A poster is a poster because it is posted. This action distinguishes it from other kinds of visual material. By contrast, a flyer isn’t affixed and could very well fly away should a sudden gust of wind roll through. In cities they are pasted and pinned to bus stops, bulletin boards, building facades, light posts, and monuments. Despite their continued presence in our everyday lives, the so-called ‘Golden Age’ of the poster is more than a century behind us. As art historian Dawn Ades notes in her 1999 essay Function and Abstraction in Poster Design, “The poster belongs to a specific phase in the age of mechanical reproduction: for seventy or eighty years it was the most conspicuous, accessible and familiar form of pictorial production.” During this period, the street is the domain of visual culture. Some artists were magnetized by this new street aesthetic and the closeness of contact between art and life, while others damned it a visual plague that needed to be contained. The latter attitude has most impacted the appearance of streets and facades today. In 1872 John Ruskin reluctantly expressed his view that the poster had finally usurped painting: “The fresco painting of the bill sticker is likely, so far as I see, to become the principal fine art of modern Europe... Giotto’s time is past… but the bill poster succeeds.”

Conceived as the early couriers of advertising, posters were fundamental in establishing the inexhaustible desire of consumer culture. In Posters: Advertisement, Art, Political Artifact, Commodity Sontag posits that “...the poster could not exist before the specific historic conditions of modern capitalism.” Inevitably posters have become commodities themselves. As early as the mid-19th Century, designs by artists such as Alphonse Mucha, Jules Chéret, Eugène Grasset, and Henri de Toulouse-Lautrec “...were almost immediately collectors’ items, with price lists and catalogues, and they were frequently stripped from the walls by enthusiasts before the paste was dry.” A century later, the pursuit of collecting posters and graphic material continues. In How Posters Became Art, Hua Hsu traces the ‘poster craze’ of 1960s America: “More than a million posters were sold each week to the ‘visual maniacs’ craving ‘expendable art.’ Posters were cheap and abundant and, whether you preferred Jimi Hendrix or Che Guevara, an easy way to convey your sense of taste.” These collections have found their way into museums and galleries despite their relegated status as ephemera or graphic art. They are materials still considered distinct from unique artworks because the poster is without a meaningful original, there are only copies. “Art historians and critics have had little regard for anything existing in multiple copies made for mass consumption,” remarks graphic art collector Merrill C. Berman, “also, art dealers prefer one-of-a-kind works. They can’t relate to multiples unless they’re numbered and signed by a famous artist. It’s a prejudice that has affected the attitude of many people toward this material. They have never understood typography, anything with a message.” For collectors interested in graphic material and ephemera this secondary status has made collecting more accessible.

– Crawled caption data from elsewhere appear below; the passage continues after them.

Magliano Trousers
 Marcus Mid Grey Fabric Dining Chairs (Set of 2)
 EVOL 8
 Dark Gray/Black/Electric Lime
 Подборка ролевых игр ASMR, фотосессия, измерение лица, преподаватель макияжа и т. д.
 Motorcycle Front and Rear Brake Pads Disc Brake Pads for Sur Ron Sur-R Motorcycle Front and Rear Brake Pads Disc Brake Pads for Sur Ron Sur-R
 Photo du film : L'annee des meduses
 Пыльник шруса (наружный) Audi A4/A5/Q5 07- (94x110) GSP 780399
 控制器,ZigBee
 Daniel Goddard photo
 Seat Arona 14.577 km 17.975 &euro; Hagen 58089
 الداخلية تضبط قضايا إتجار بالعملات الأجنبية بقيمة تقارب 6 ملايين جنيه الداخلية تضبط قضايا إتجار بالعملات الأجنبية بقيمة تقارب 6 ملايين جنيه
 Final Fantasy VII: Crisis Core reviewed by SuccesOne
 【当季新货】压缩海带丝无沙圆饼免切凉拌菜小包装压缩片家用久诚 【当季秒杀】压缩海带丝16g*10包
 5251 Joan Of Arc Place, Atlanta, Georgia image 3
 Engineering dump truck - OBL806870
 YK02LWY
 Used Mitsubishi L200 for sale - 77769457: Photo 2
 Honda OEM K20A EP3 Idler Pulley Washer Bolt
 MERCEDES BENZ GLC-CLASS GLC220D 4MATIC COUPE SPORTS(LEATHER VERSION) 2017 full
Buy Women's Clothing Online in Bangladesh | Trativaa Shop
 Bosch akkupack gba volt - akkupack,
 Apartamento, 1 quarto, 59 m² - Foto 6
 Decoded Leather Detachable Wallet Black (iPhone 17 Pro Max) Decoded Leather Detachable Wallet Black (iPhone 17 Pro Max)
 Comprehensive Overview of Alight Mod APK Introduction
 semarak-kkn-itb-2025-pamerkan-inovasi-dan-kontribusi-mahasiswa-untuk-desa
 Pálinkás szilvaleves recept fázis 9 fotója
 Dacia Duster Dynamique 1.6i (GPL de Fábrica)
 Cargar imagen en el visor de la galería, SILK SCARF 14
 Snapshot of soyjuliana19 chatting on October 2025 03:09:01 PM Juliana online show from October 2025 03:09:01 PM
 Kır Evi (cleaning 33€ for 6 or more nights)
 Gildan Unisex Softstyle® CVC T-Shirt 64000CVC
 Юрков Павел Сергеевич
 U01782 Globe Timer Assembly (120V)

Today, the subculture of collecting posters as art has gone mainstream. Most recently an international version of a Metropolis poster from 1927 reportedly sold to Leonardo DiCaprio for $690,000. It is the most expensive poster ever sold. As Hsu says, there is something perverse about the commodification of posters as they are “ a product of capitalism, intended to beautify the act of selling.” As such, the secondary market developed around the sale of posters which function to advertise other products and events is a testament to the narcissism of consumer capitalism.

Unlike the mainstream art world, however, the market for posters cannot influence their raison d'être: their message. That doesn’t, of course, mean that a poster can or should only exist out in the street. Between 1965 and 1971, artist, nun, educator and activist Corita Kent used her platform as pedagogue and household name of the pop-art movement to voice concerns about poverty, racism and war in America. Kent emphasised screen printing as a material because of its potential for democratic and expedient outreach — an affordable art for the masses. Printed in large unnumbered editions, serigraph posters such as american sampler 1969 and love your brother 1969 combined photographic images, found printed matter, text and poetry. They are bold, colourful and incisive. These works were displayed mostly on the null white walls of art galleries. Despite this, Kent’s exhibitions handle materials and space with an irreverence usually only seen in the street. Prints were left unframed and pinned to walls in tight-yet-expansive arrays. All of it — the process, the prints, the gallery — was in the service of her message.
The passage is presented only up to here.